▶ **About this task**
Copy exactly the lines of the data below, beginning with the line with "Sea 2-Br Unit" and ending with the line with "4 Way Double". Pictures are to be omitted.

▶ **Data for analysis**
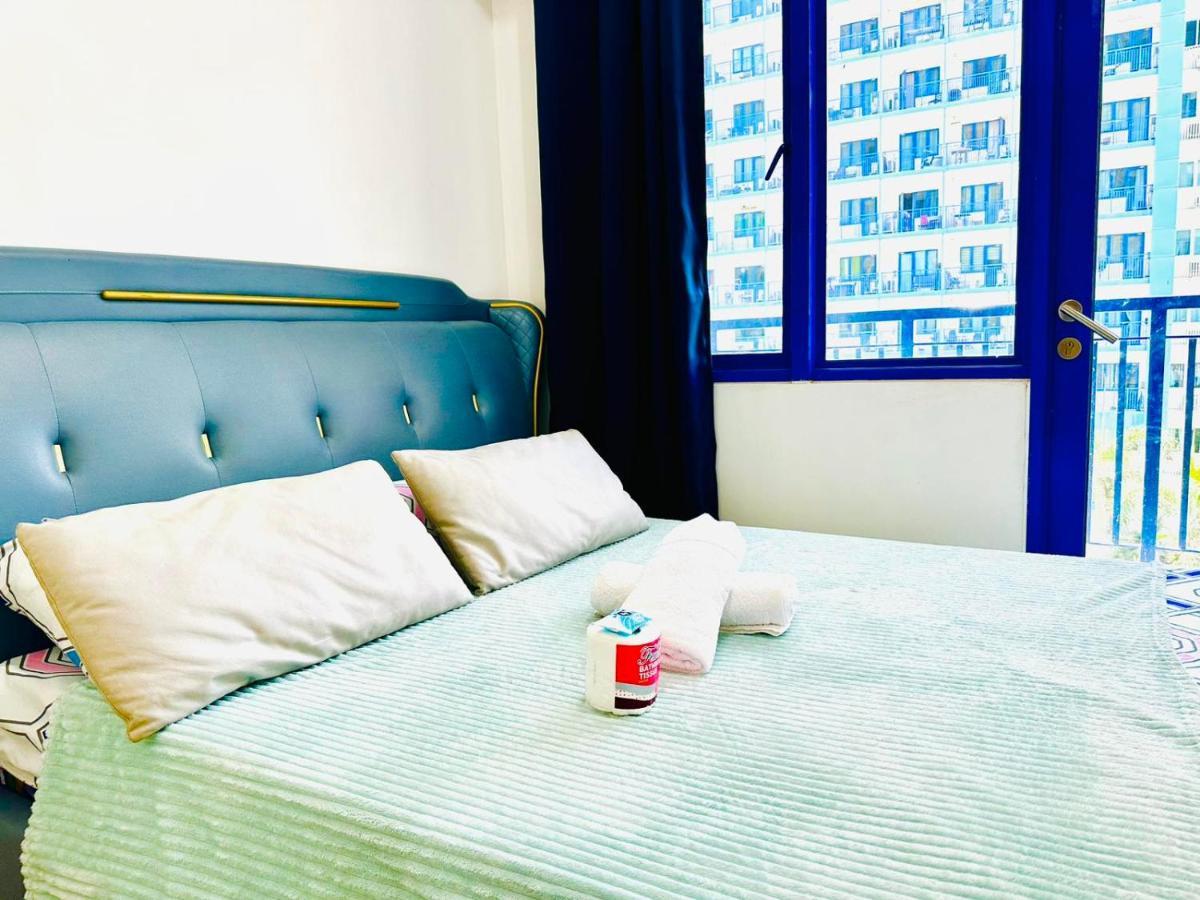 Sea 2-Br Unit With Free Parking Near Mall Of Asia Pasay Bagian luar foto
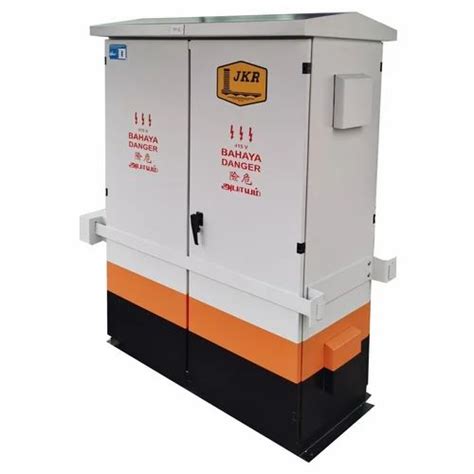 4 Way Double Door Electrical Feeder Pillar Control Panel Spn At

* * *

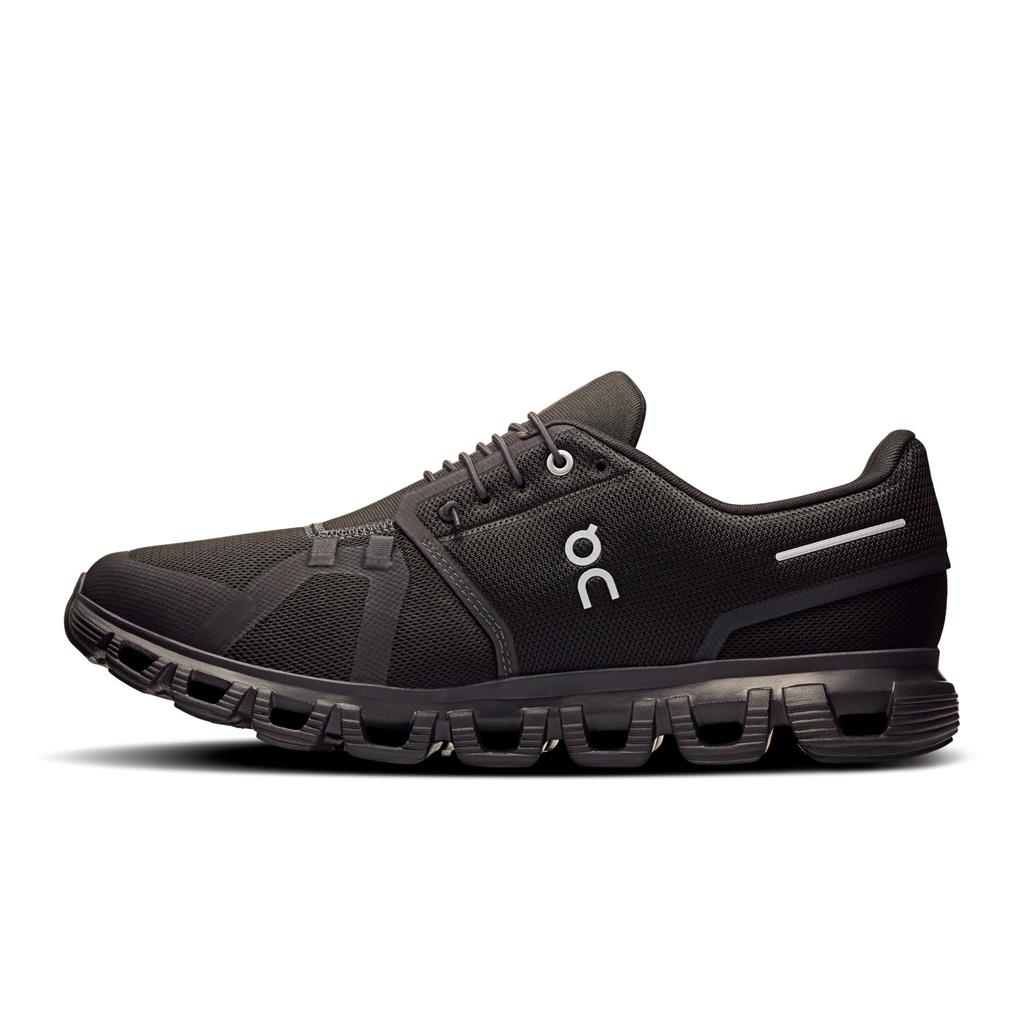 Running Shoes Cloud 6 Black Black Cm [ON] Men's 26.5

▶ **Result of the exercise**
 Sea 2-Br Unit With Free Parking Near Mall Of Asia Pasay Bagian luar foto
 4 Way Double Door Electrical Feeder Pillar Control Panel Spn At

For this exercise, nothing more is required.